One thing I never understood about the fierce opposition to health care reform is why someone would be against something that could help them financially. Increasingly, employees are being forced to bear the cost of their own health insurance, as more and more companies lay the burden of increased premiums on their employees.
The Kaiser Family Foundation, in its 2010 Employer Health Benefits Survey reports that while the total jump in premiums last year was 3%, employee contributions rose 14%. Workers are now paying, on average, $4,000 a year towards their health insurance. According to the report, "since 2005, workers’ contributions to premiums have gone up 47 percent, while overall premiums rose 27 percent, wages increased 18 percent, and inflation rose 12 percent." Additionally, many employers raised the deductible workers have to pay before they see any help from their employer. Currently some 27% of workers have to pay for the first $1,000 for coverage before they receive anything from their health plans.
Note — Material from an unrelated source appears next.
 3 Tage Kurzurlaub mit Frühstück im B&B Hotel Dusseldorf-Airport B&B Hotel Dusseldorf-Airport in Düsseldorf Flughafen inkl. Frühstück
Given the dramatic increase in premium share, along with the low wage increases, many employees are worse off now than they were five years ago. And, it isn't getting any better. Employers know that in this economy they can force employees to accept worse coverage because many employees are afraid of losing even more.
By the 1940s, most industrialized nations had begun providing health care to its citizens. In America, we ended up with employers providing that insurance, in part because wage caps during WWII led employers to give compensation to workers in other forms, such as health care benefits. Employers are now reneging on their end of the bargain and, ironically, are also the loudest opponents of health care reform.
The massive shift in risk to employees for their health care and pensions has had no consequences for employers, corporations, and those who advocate for workers to bear the cost of benefits that employers used to provide. Oddly, it has been Obama and those who want to protect pensions and enact reforms that would lower premiums that have been subject to the rage and fury of the Right. I still can't help wondering though why a worker paying $4,000 a year for health insurance plan with high deductibles would buy into the rage.